Managing Your Tomorrow

Knowing what the future looks like is important for all businesses. If you can’t see the future, you can’t plan for it. For service businesses, trying to forecast their revenue when payments are scattered, delayed, and inconsistent can be a huge challenge. Kayya works to unify the reporting and centralize the data side of things, such as outstanding balances, what the cash flow looks like, and payment protections.

Offering a comprehensive dashboard to business owners also means they can manage their finances with a professional level of precision. This, in turn, can help managers make better-informed decisions about hiring, expanding, and investing based on a better real-time understanding of the company’s bigger financial picture. When one is working in an economy where costs can be unpredictable, and client expectations are understandably high, having solid, reliable data for growth planning isn’t just “nice,” it’s essential. 

Putting You Back in Control of Your Finances

Beyond its core financing and collections functionality, Kayya operates as an integrated financial infrastructure for service-based businesses. The ecosystem incorporates several specialized modules: Kayya Care, a membership-based alternative to traditional insurance models; Kayya IQ, a routing engine designed to match clients with third-party lending options; and Kayya Pay, a processing tool focused on fee optimization. These components are unified through a client-facing application where users manage commitments and discover providers. By centralizing lender matching, membership administration, and merchant processing, the platform aims to streamline operational transparency for businesses while providing clients with more diverse payment pathways.

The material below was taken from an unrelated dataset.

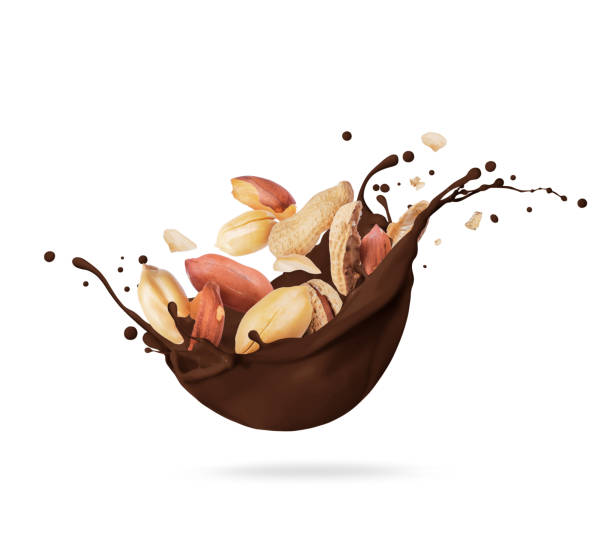 istock Dried crushed peanut in chocolate splashes isolated on white background 1369582139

With new technology and financing options, the world of business payments will only continue to become more complex. In response, sophisticated solutions such as Kayya offer a way to help sustain your company’s future. Set to launch in 2026, Kayya is positioning itself to solve the financial challenges of the service-based business sector.

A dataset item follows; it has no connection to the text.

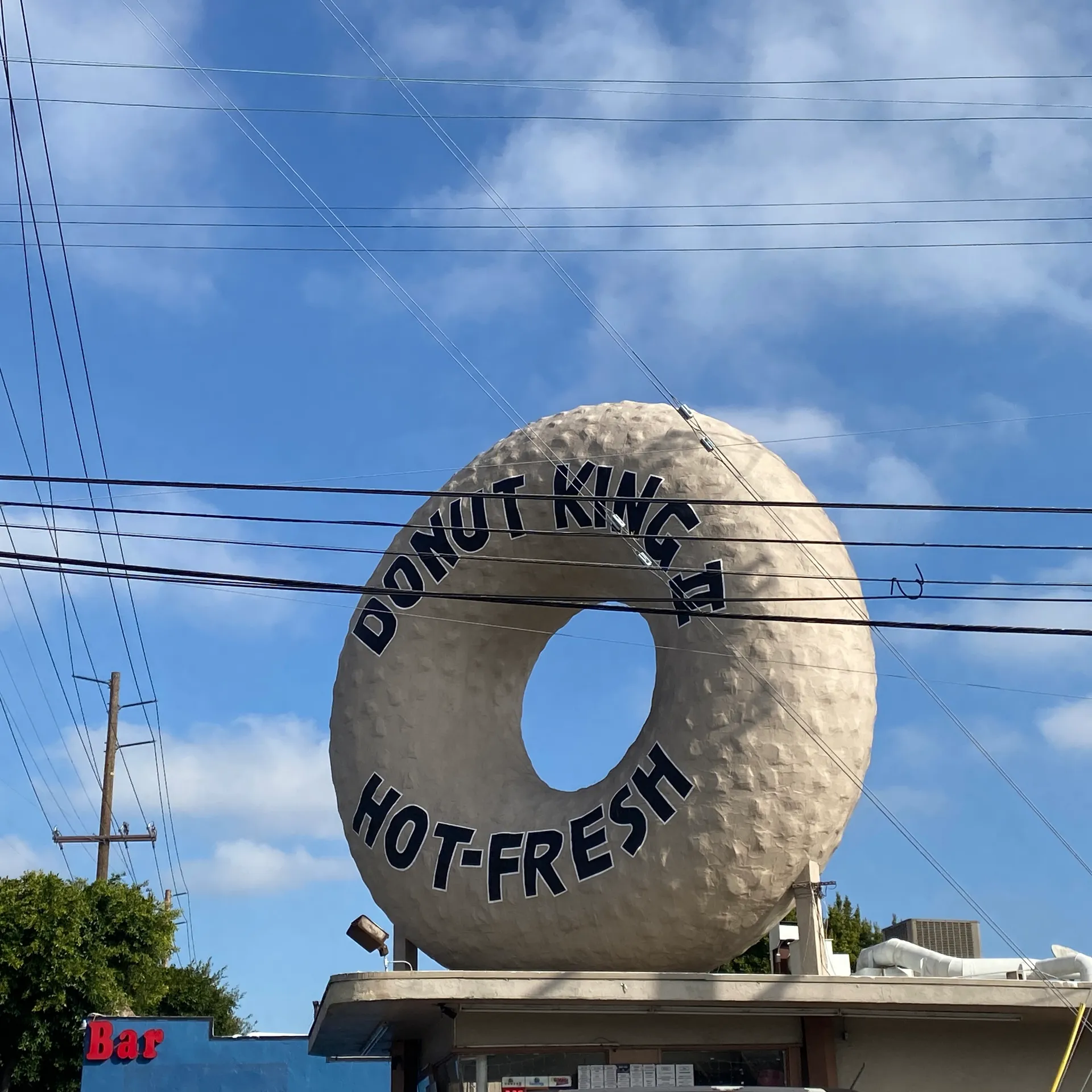 Giant donut sign atop Donut King II in Gardena, California.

Kayya aims to simplify the art of financing and collections and help entrepreneurs stabilize their revenue without the pressure of discounting their expertise. The platform strives to offer an ethical automated method to close the revenue gap so service professionals can focus on delivering their work while feeling confident that their finances are running smoothly and predictably. For the service sector, controlling income is always an important step toward lasting growth and stability.